Some students continue developing sophisticated book arts projects throughout the semester. Others begin research projects centered on specific books from Rauner. 

“We never know what we’re going to find,” Beckman says. One student discovered a book bound with wallpaper. Another found an old children’s book with markings revealing its history of use. Some students develop these discoveries into full research papers; others use them as foundations for senior theses.

Book Arts Workshop Program Manager Sarah Parella demonstrates how to use the Vandercook letterpresses to students

Book Arts Workshop program manager Sarah Parella demonstrates how to use a Vandercook letterpress. (Photo by Sophia Scull ’25)

Roger Friedlander ’27 describes the breadth of materials available: “This course allows me to analyze everything from Shakespeare’s first folio to foundational American documents to Dr. Seuss’s personal drawings.”

“A goal is to make students feel they deserve to go to special collections,” Beckman says. “Once you know what you're doing, you can go to any collection.”

The integration of making and studying creates what Beckman calls “the truest form of interdisciplinarity.”

“No one can have all the expertise needed to understand these objects,” she says. The course regularly draws students from across disciplines. The ecology alone—which plants made the paper, which materials created the inks—requires specialized knowledge. “We need perspectives from every discipline, because understanding the future of written communication requires all of us.”

Questions for the digital age

The interdisciplinary mix becomes especially important when students tackle questions about AI and digitization—questions that animate contemporary debate about the future of reading and writing.

Beckman draws parallels between the introduction of the printing press and today’s AI anxieties. When the printing press arrived, people worried it was too fast, that anyone could write anything, that information couldn’t be trusted—the same anxieties we have about AI today. But scientific knowledge could suddenly travel at unprecedented speed. The parallel helps students see how societies adapt. “We talk about the systems that had to develop over centuries to mitigate the bad effects of speed, of anonymity, of information overload. That leads us naturally into a conversation about generative AI.”

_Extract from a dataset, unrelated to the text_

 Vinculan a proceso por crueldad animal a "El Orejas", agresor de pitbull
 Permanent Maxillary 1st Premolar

The interdisciplinary mix enriches the discussion. Students from math, computer science, and environmental studies each bring different perspectives, creating conversations that wouldn’t happen in a literature class alone. “Most of my students are extremely thoughtful about generative AI,” Beckman says. What surprises literature students, she notes, is discovering that computer scientists and engineers wrestle with the same questions: “the role of creativity in the work that they do, and where ownership is really important.”

We are, Beckman argues, living through a cultural moment with unprecedented consequences for how we preserve and understand literature. The internet, which promised infinite preservation, is fragmentary and unstable. Websites vanish. Digital files become unreadable. Cloud storage companies change policies.

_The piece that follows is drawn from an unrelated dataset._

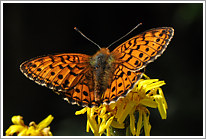 maedesuess-perlmutterfalter_2011_2_preview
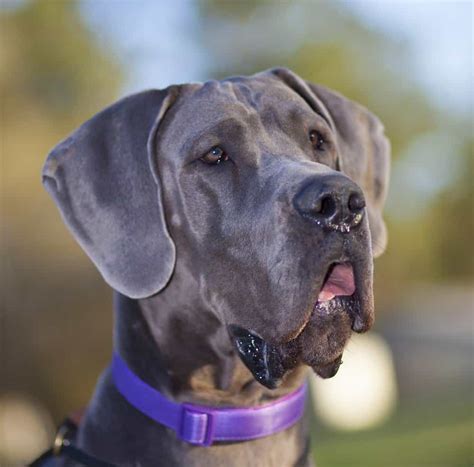 Great Dane Pictures - AZ Animals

“When you digitize something, you lose specificity, texture, the materiality that carries meaning,” she says. “We tend to think only about what we’re gaining technically, but we're losing things too.”

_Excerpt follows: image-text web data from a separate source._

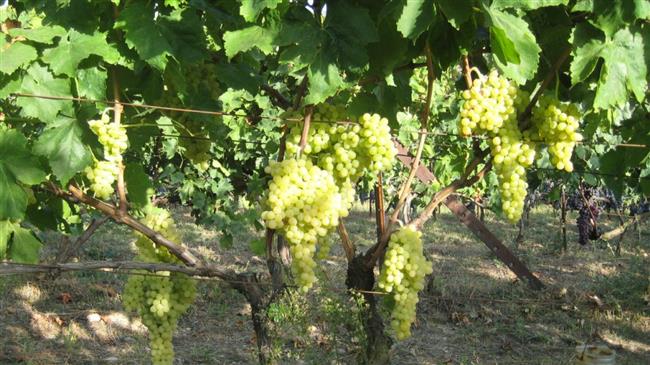 Αίτημα τριών δημάρχων της Κορινθίας για αποζημίωση παραγωγών της σουλτανίνας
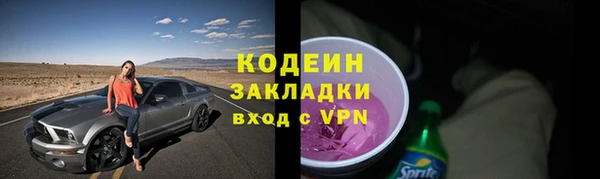 индика Богданович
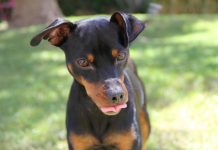 races de chien qui sont difficiles à vivre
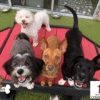 THE PET STATION COUNTRY CLUB Louisville Kentucky 6 THE PET STATION COUNTRY CLUB Louisville Kentucky 6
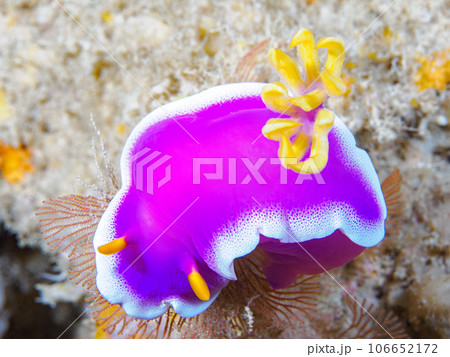 シンデレラウミウシ シンデレラウミウシ 106652172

The stakes go beyond preservation. When books become mere containers—content that could live anywhere—it becomes impossible to explain why Shakespeare’s empty parentheses matter, or why the chaotic typography in King Lear creates meaning. More importantly, we lose the critical ability to recognize how technology shapes—and sometimes distorts—the information we receive every day.

Students grapple with these questions in concrete terms. When Beckman asks whether they should buy a 15th-century manuscript leaf on eBay, one student argues yes, in the name of reassembly. Another says no—we don’t know how to care for them properly. What would happen if we digitized a medieval scroll? What is lost? How should we balance access with preservation?

“As you move through this class, I want to show you how these questions are very much alive,” Beckman says. “Accessibility versus preservation. The economy of books. You have to use your ethics to navigate these questions.”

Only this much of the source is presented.